On Franken and Taxes
I have no real love for Al Franken–he’s annoying, an arch-liberal, and (mostly) unfunny–but I can’t really get up in arms over the fact that he got tripped up by the tax code. Yes, he should have had a professional do his taxes (and, if the professional messed this up on his behalf, said professional needs to go), but the tax system is so arcane and full of nonsense that these things are bound to happen.
Consider, for instance, the fact that athletes have to pay local taxes on whatever they earn when they play road games. No, seriously: there’s a “jock tax.” From MSN:
You may never have hit a grand slam or made a slam dunk, but it’s possible you might face the same “jock tax” that costs Alex Rodriguez and Shaquille O’Neal thousands of dollars every time they play a game out of state.
The tax, which emerged in the 1990s to tap the huge paychecks of visiting professional athletes, has spread to include just about anyone who works extended periods in a state that levies a personal income tax.

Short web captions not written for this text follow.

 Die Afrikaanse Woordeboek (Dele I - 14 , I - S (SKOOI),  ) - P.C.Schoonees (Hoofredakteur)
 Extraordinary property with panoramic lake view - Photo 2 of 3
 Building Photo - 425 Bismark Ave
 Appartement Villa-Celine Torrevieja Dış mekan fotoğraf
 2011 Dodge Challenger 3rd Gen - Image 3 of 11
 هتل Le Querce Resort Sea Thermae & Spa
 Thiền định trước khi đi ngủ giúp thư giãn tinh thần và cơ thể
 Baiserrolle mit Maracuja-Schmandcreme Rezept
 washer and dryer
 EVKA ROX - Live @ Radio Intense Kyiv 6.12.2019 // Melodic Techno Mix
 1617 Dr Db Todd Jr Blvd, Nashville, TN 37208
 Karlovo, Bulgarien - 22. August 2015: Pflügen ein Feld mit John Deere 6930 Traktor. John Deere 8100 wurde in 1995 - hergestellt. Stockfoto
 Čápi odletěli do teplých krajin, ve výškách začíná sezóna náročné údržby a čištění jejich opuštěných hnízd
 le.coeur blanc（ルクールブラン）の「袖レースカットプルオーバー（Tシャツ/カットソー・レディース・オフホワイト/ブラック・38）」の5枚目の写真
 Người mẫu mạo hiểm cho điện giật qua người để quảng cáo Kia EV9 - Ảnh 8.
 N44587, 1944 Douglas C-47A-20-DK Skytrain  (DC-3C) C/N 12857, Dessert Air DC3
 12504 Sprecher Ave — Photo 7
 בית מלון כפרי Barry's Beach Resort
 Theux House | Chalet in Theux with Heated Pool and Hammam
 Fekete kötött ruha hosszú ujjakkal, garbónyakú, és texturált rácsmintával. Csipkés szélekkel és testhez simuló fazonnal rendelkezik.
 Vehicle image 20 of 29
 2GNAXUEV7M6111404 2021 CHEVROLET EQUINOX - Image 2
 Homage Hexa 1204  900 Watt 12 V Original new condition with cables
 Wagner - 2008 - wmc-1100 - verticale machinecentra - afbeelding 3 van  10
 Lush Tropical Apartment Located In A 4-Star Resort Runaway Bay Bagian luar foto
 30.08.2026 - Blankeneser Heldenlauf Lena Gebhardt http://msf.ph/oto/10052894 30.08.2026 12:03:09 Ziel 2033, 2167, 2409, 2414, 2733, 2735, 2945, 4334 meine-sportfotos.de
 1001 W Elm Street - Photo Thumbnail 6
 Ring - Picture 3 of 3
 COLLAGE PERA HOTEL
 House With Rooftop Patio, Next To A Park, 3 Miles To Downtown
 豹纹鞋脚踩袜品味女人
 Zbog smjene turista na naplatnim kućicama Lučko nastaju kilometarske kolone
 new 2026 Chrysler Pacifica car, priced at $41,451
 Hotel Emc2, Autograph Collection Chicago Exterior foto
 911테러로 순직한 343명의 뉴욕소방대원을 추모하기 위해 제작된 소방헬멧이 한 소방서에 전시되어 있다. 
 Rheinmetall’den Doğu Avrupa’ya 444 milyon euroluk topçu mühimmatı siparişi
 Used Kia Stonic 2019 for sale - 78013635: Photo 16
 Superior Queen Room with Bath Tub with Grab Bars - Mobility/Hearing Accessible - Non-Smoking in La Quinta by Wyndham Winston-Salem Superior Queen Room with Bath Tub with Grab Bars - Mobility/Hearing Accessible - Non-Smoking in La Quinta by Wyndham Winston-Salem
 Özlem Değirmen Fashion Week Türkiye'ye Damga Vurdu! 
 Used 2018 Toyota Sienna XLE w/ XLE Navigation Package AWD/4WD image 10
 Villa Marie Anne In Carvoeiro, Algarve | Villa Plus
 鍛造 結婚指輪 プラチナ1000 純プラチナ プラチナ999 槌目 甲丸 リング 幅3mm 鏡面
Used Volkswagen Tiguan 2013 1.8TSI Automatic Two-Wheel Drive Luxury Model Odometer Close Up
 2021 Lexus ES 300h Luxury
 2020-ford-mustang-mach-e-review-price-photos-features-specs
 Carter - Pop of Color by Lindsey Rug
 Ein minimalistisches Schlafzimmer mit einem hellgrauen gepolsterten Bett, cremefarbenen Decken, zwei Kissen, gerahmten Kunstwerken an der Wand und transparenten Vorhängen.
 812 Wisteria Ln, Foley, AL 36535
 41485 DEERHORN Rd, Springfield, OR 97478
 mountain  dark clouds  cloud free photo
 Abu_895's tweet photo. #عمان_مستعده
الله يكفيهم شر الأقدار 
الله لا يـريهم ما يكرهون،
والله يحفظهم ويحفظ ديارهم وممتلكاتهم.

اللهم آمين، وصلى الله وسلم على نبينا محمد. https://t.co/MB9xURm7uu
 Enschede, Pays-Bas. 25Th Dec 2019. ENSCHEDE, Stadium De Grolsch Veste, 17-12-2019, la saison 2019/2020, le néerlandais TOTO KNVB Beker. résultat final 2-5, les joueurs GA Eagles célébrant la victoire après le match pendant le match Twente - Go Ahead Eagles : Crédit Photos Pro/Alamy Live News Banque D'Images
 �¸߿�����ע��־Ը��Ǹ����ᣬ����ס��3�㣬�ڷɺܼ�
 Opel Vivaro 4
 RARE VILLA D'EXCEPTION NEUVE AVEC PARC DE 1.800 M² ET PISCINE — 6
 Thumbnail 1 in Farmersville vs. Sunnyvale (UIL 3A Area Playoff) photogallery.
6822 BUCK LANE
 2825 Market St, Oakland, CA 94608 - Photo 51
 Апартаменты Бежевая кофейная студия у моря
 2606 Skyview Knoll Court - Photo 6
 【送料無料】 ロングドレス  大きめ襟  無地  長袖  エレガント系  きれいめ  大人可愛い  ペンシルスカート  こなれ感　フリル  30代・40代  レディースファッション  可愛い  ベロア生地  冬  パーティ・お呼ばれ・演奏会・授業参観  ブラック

The 41 states that do so have always held the right to collect tax from nonresidents who do business there. But athletes and entertainers have been the chief targets for nonresident taxes, partly because they tend to make lots of money and partly because their schedules are public and available to tax agencies.
This is what the tax code hath wrought–greedy states stealing from visiting entertainers. Ridiculous.